### What needs to be done:
Please give the listing again in full, leaving out its images.
────────
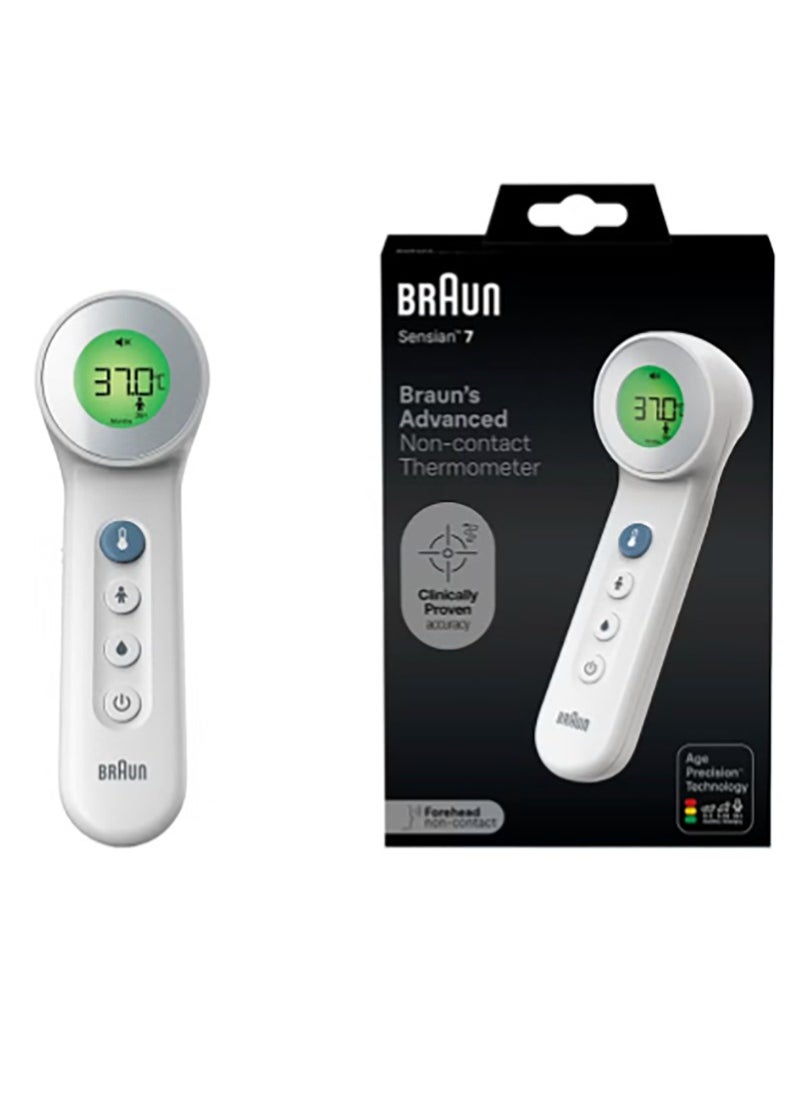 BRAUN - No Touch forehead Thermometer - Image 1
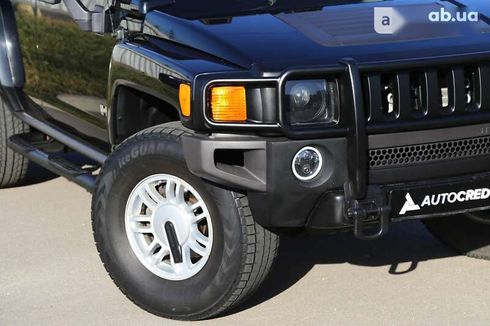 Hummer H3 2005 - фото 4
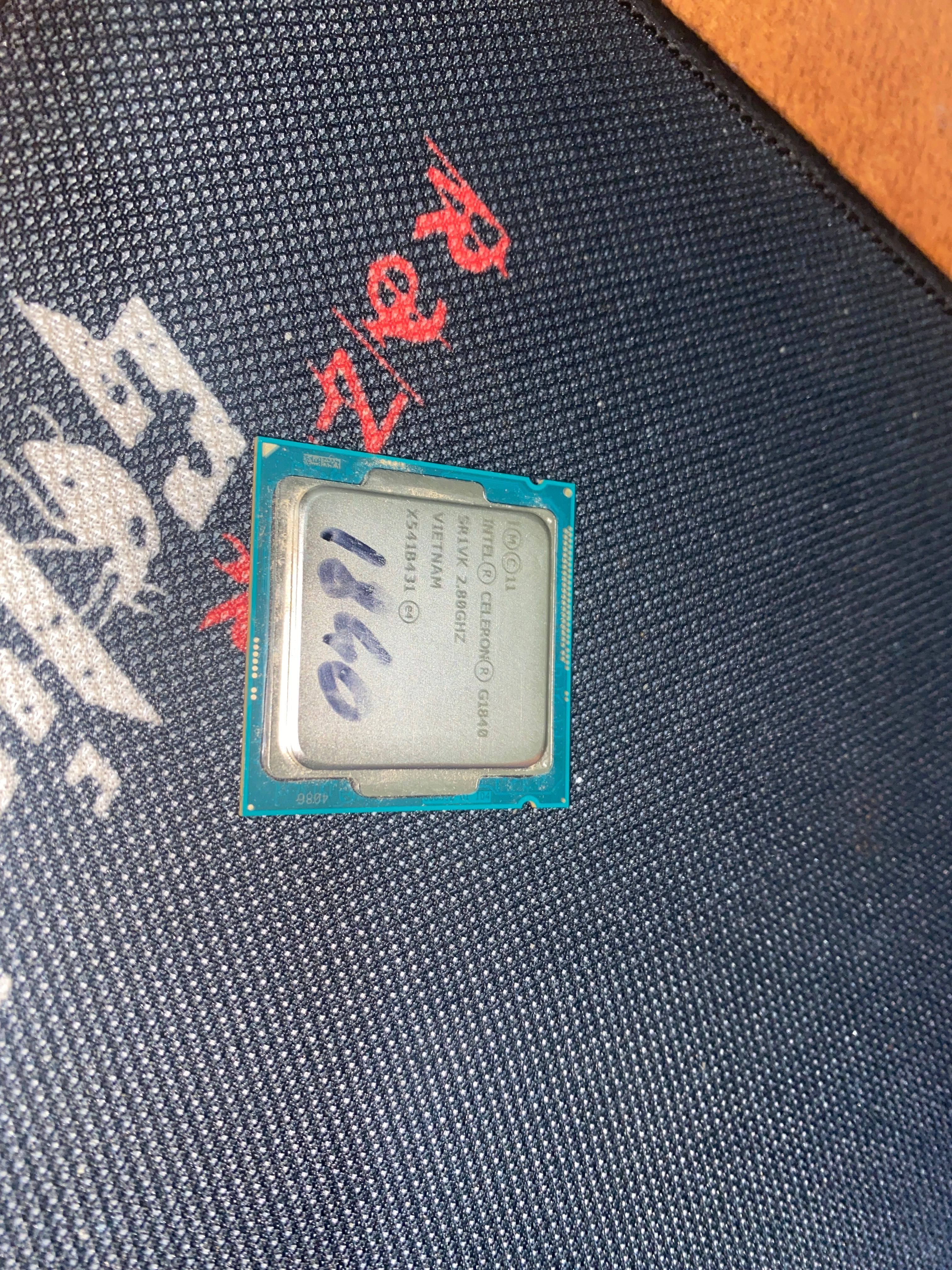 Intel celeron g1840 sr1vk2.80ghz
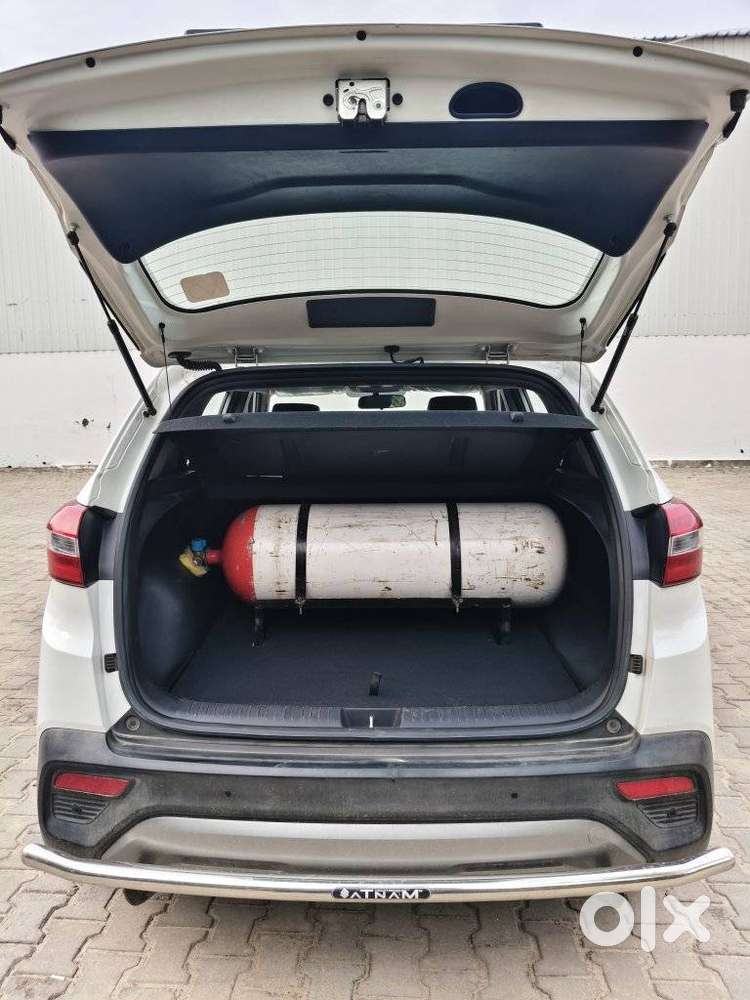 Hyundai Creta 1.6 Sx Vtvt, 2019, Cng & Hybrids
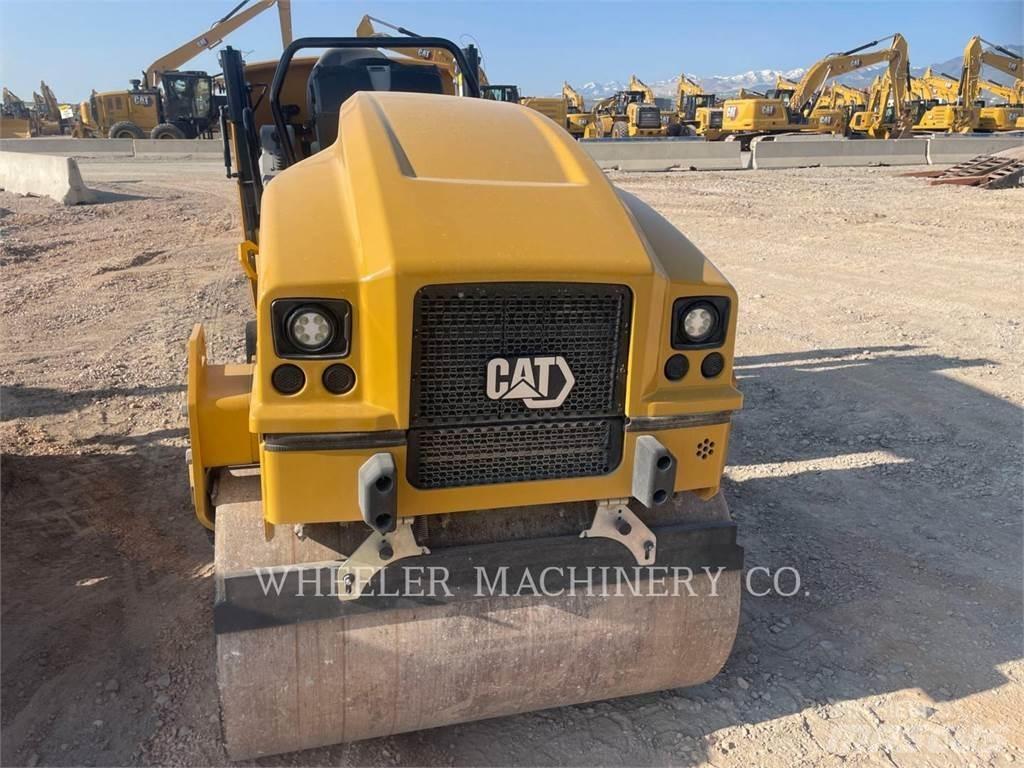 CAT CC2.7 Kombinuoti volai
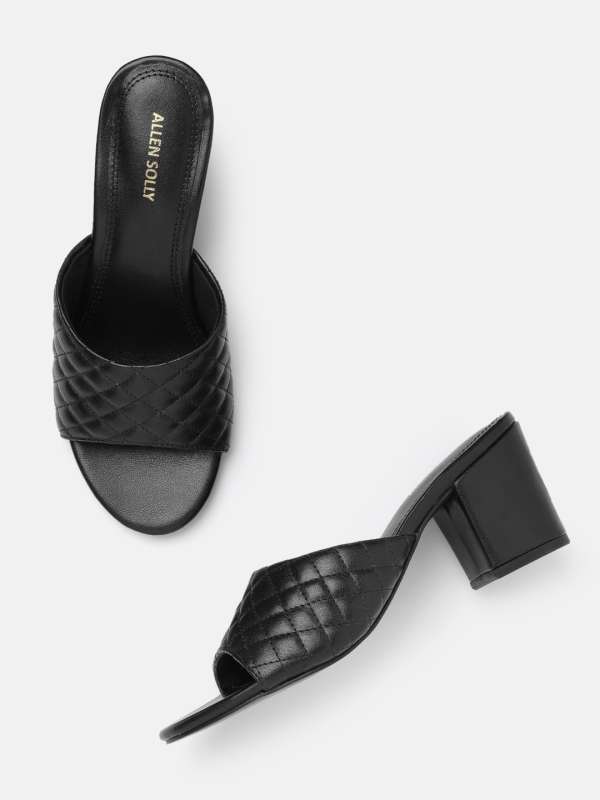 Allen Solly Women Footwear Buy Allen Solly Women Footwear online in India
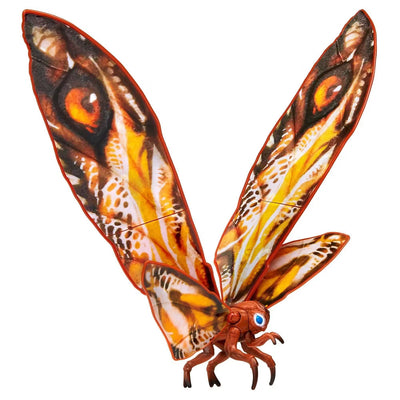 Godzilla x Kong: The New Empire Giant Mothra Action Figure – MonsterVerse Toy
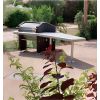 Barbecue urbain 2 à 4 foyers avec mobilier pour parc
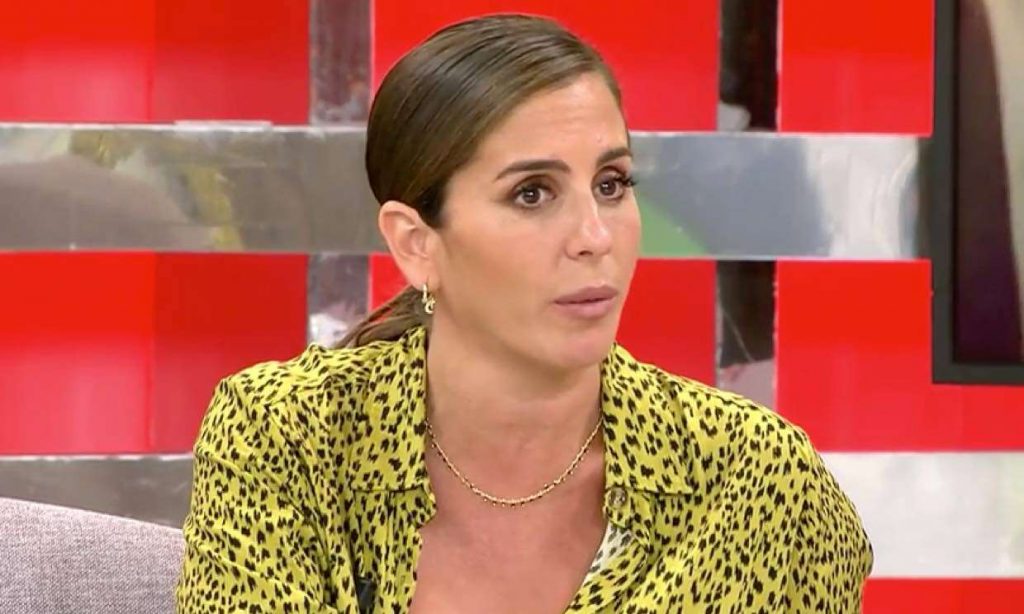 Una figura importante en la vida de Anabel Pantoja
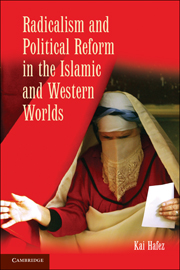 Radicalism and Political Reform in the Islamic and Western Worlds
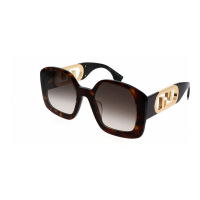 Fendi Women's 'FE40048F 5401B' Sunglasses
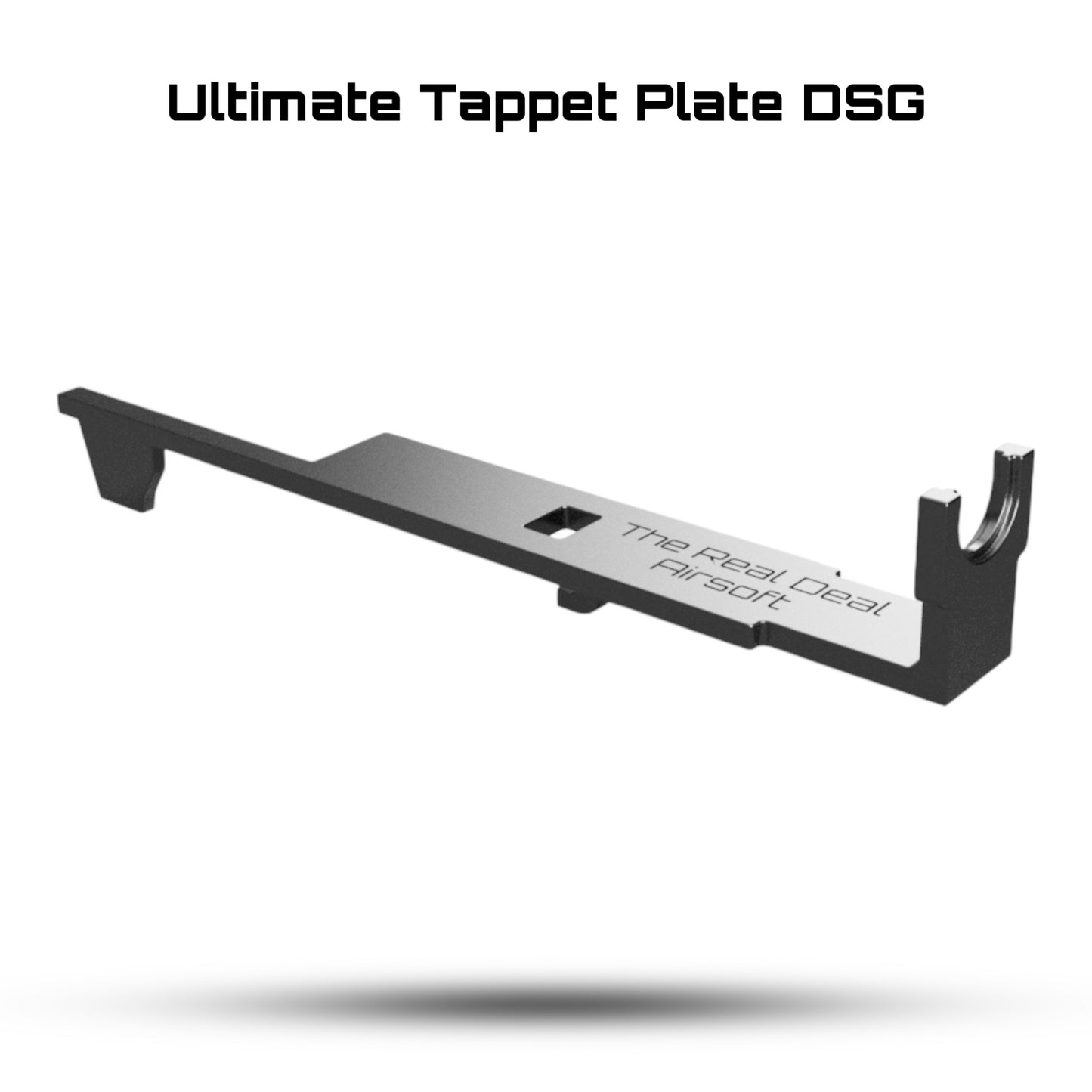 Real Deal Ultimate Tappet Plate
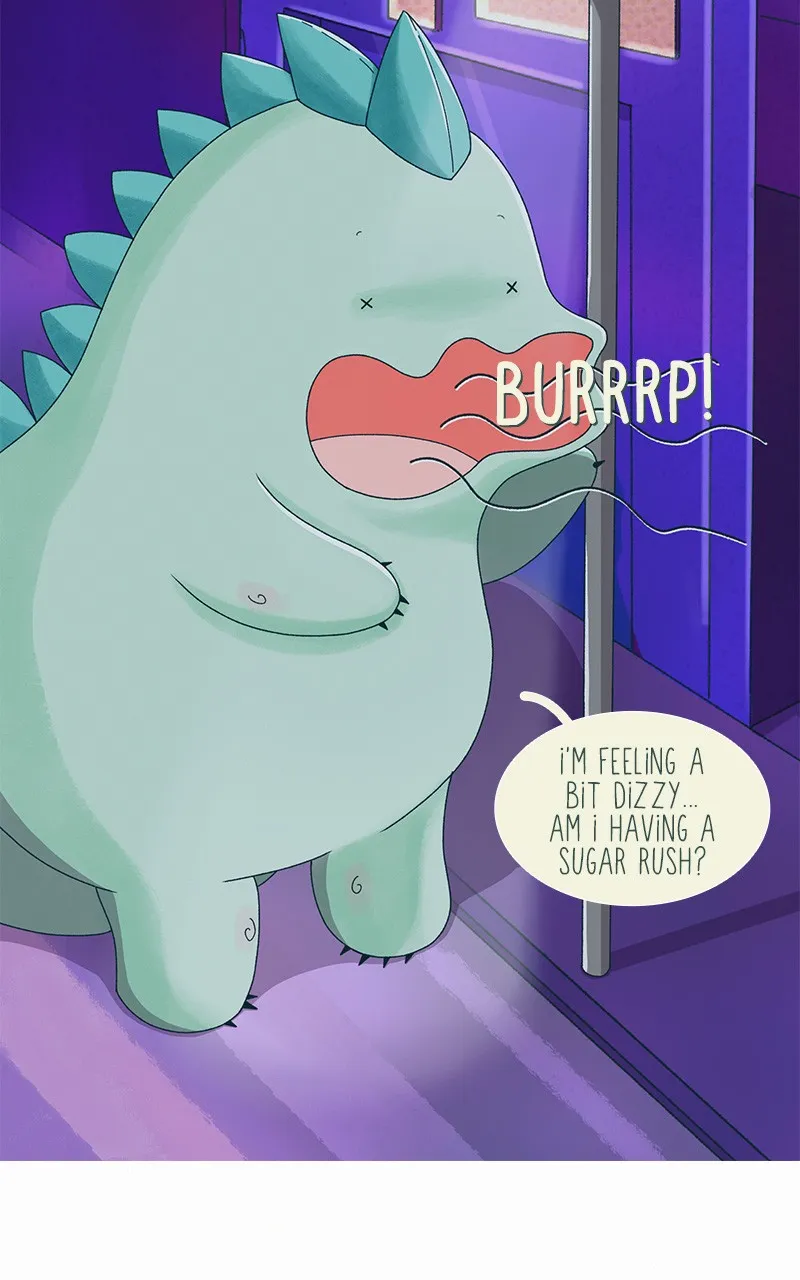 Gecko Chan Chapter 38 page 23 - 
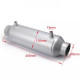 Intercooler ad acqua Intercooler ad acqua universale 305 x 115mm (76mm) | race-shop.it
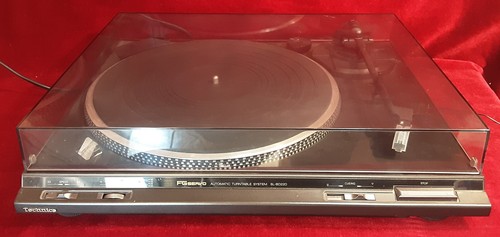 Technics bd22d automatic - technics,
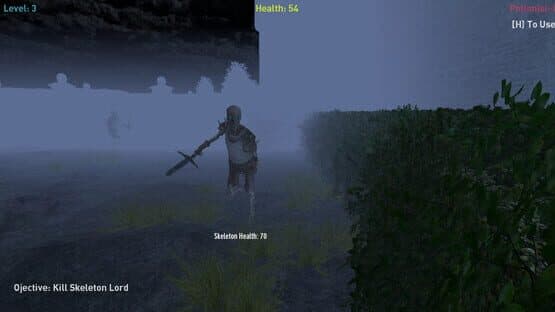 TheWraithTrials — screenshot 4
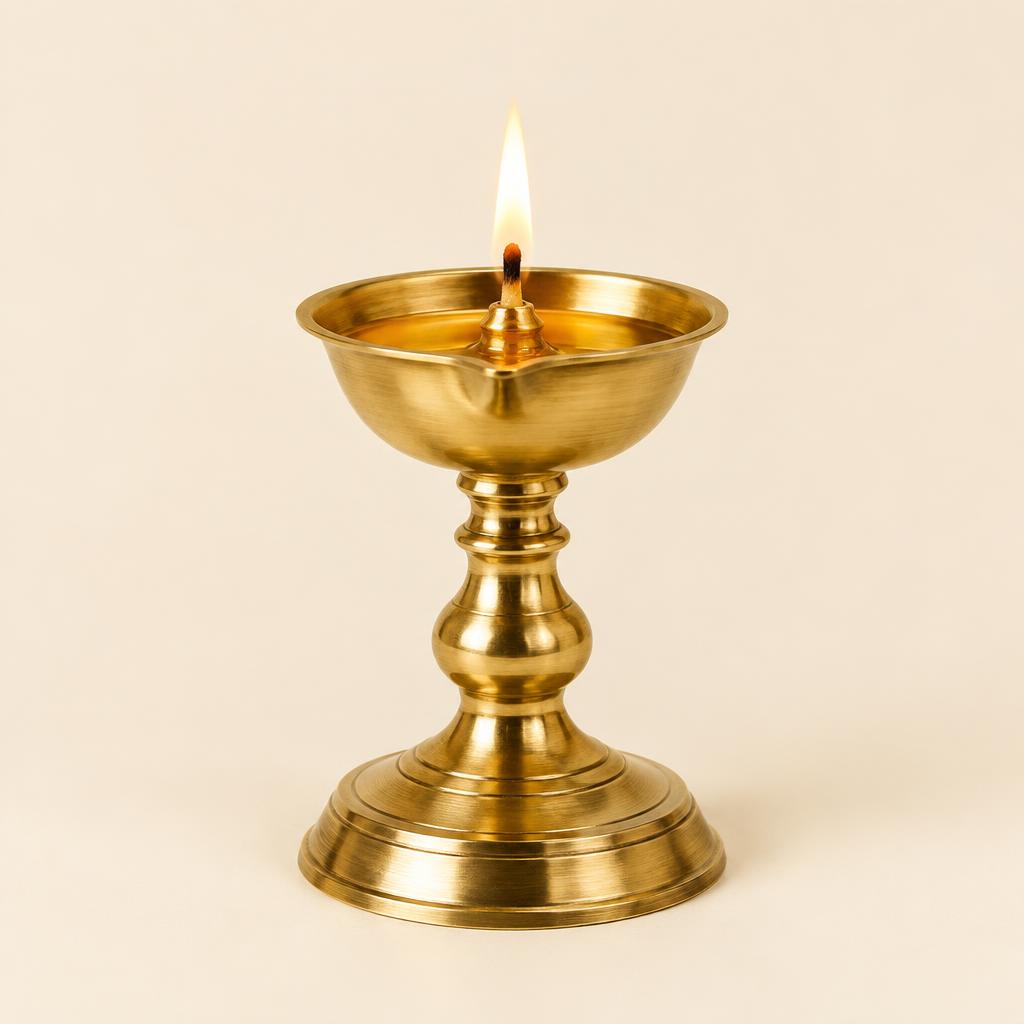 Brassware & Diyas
────────
### Completed task:
 BRAUN - No Touch forehead Thermometer - Image 1
 Hummer H3 2005 - фото 4
 Intel celeron g1840 sr1vk2.80ghz
 Hyundai Creta 1.6 Sx Vtvt, 2019, Cng & Hybrids
 CAT CC2.7 Kombinuoti volai
 Allen Solly Women Footwear Buy Allen Solly Women Footwear online in India
 Godzilla x Kong: The New Empire Giant Mothra Action Figure – MonsterVerse Toy
 Barbecue urbain 2 à 4 foyers avec mobilier pour parc
 Una figura importante en la vida de Anabel Pantoja
 Radicalism and Political Reform in the Islamic and Western Worlds
 Fendi Women's 'FE40048F 5401B' Sunglasses
 Real Deal Ultimate Tappet Plate
 Gecko Chan Chapter 38 page 23 - 
 Intercooler ad acqua Intercooler ad acqua universale 305 x 115mm (76mm) | race-shop.it
 Technics bd22d automatic - technics,
 TheWraithTrials — screenshot 4
 Brassware & Diyas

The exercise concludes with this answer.